**EXTRACTED MATERIAL**.
====
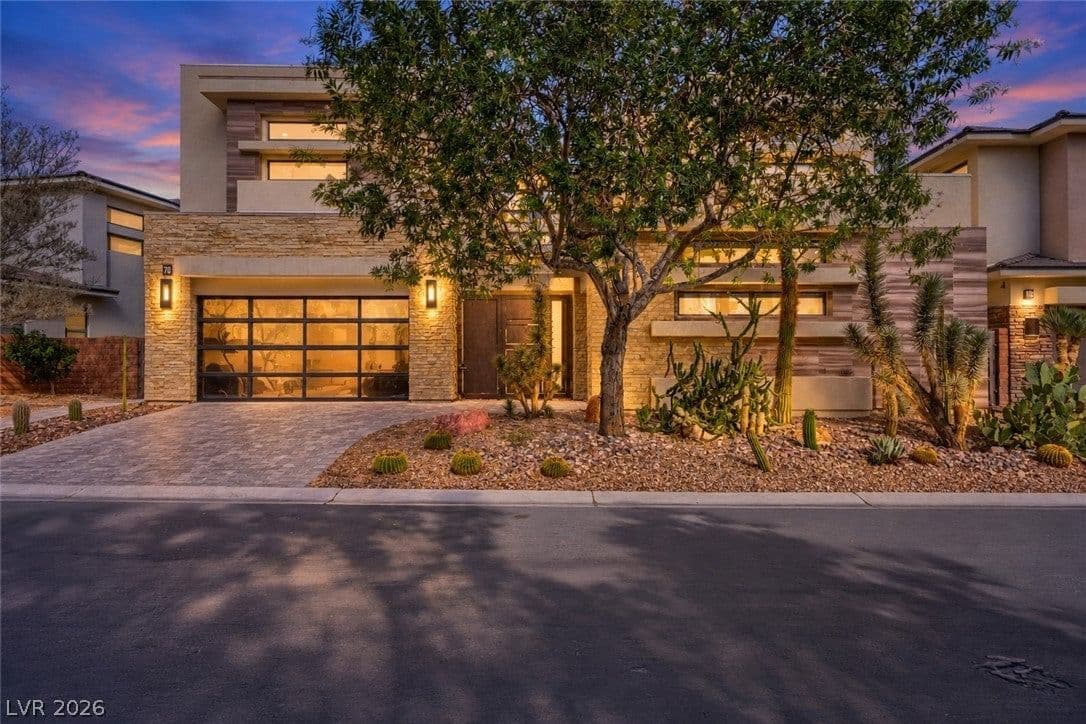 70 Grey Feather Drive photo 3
====
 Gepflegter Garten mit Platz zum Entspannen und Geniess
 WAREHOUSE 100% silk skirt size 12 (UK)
====
**PROBLEM TO WORK ON**.
Search the listing above for the lines with "Gepflegter Garten mit" and "WAREHOUSE 100% silk skirt size 12 (UK)", then output those lines and all lines between them exactly.

**TASK SOLUTION**.
 Gepflegter Garten mit Platz zum Entspannen und Geniess
 WAREHOUSE 100% silk skirt size 12 (UK)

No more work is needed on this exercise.